**Record set**.
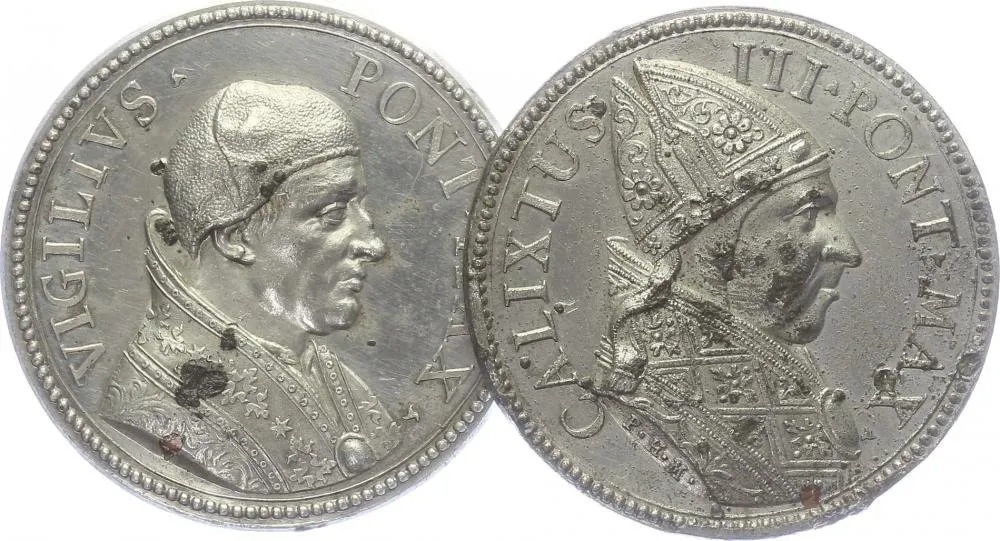 Vatikán - životopisné medaile, cca 18. století — 1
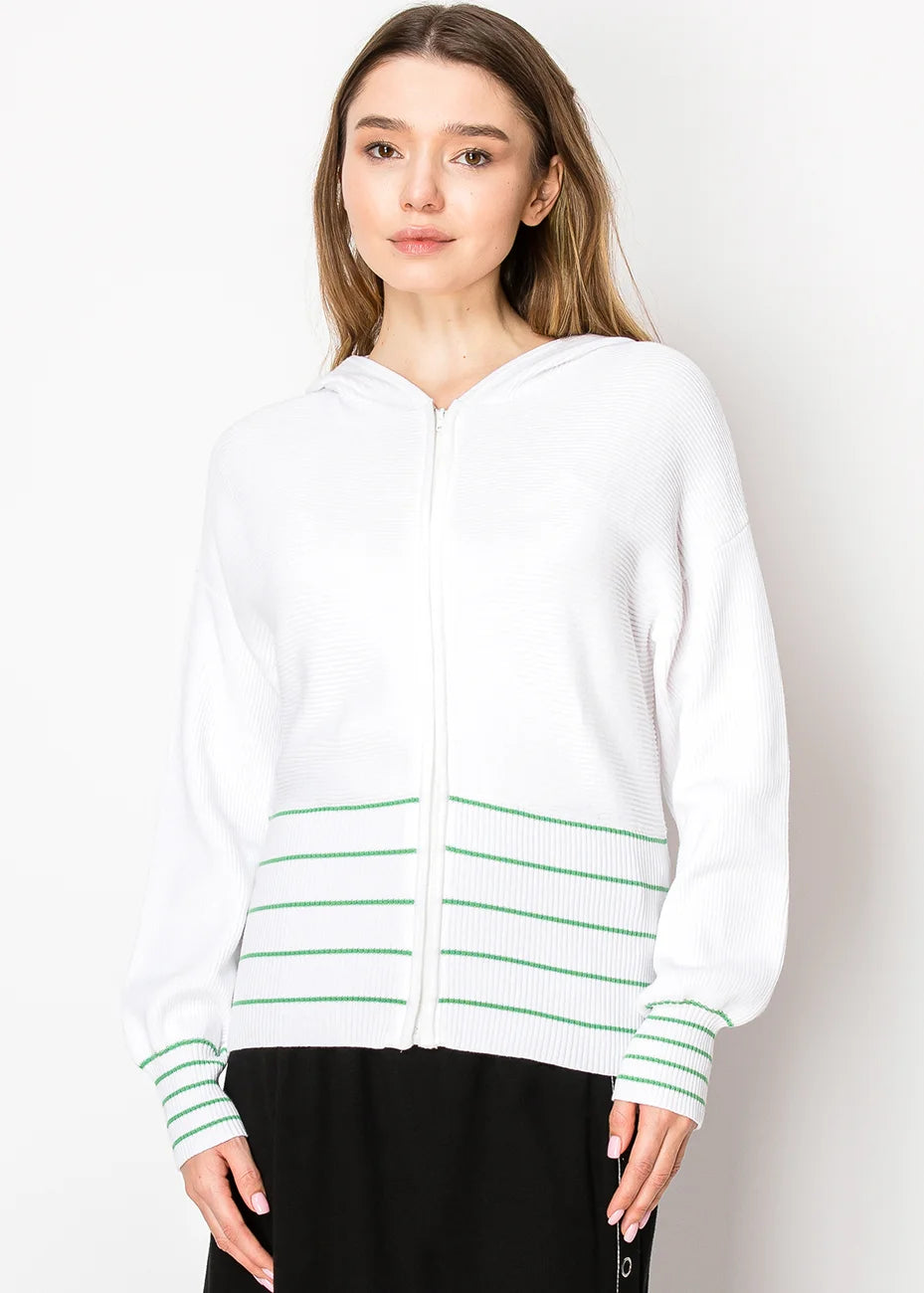 Yal New York White & Green Striped Zip Hoodie In White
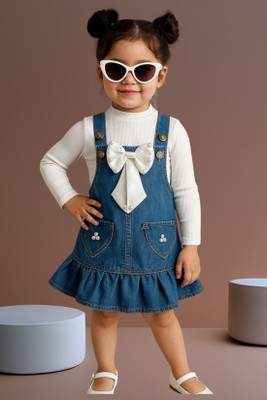 Nifty Fashion Dungaree For Baby Girls Party Washed Denim(White, Pack of 1)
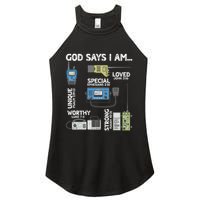 God Says I Am Ham Radio Lover Christian Women's Perfect Tri Rocker Tank
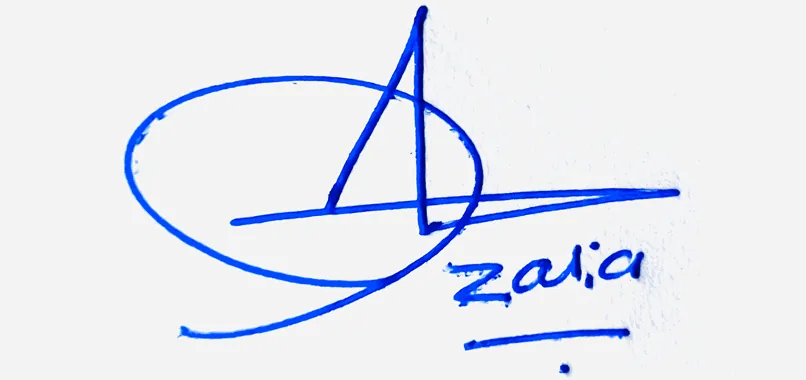 Azalea handwritten signature example in blue ink on white background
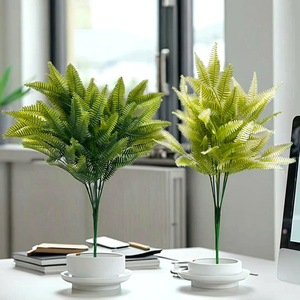 2 Styles Herbe Perse Verte Plante Artificielle Bouquet en Plastique Décoration de Table Plante de Haute Qualité avec Feuilles Réalistes - Product Image 3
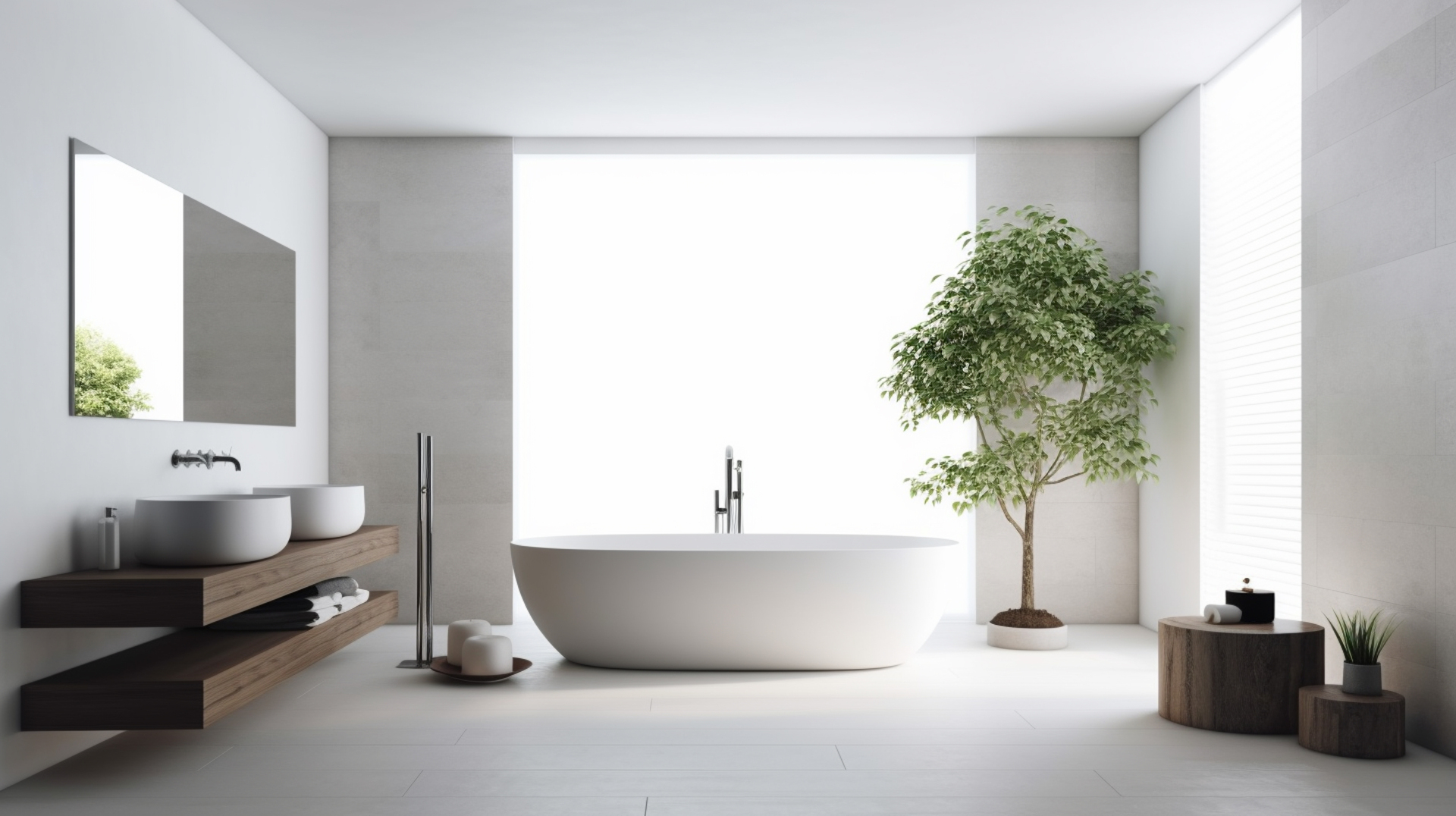 Ten obrazek przedstawia nowoczesną białą łazienkę, która emanuje stylem i funkcjonalnością. Czyste linie i minimalistyczny design tworzą nowatorskie i eleganckie wnętrze. Jasne odcienie białego w połączeniu z chromowanymi elementami nadają przestrzeni nowoczesny i świeży wygląd. To idealne miejsce do wypoczynku, gdzie można cieszyć się harmonią i komfortem w minimalistycznym otoczeniu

**Work to complete**. Beginning with the first line of the entries above, repeat each line word for word until the line with "2 Styles Herbe" has been given too. Omit the pictures.

**Answer**.
 Vatikán - životopisné medaile, cca 18. století — 1
 Yal New York White & Green Striped Zip Hoodie In White
 Nifty Fashion Dungaree For Baby Girls Party Washed Denim(White, Pack of 1)
 God Says I Am Ham Radio Lover Christian Women's Perfect Tri Rocker Tank
 Azalea handwritten signature example in blue ink on white background
 2 Styles Herbe Perse Verte Plante Artificielle Bouquet en Plastique Décoration de Table Plante de Haute Qualité avec Feuilles Réalistes - Product Image 3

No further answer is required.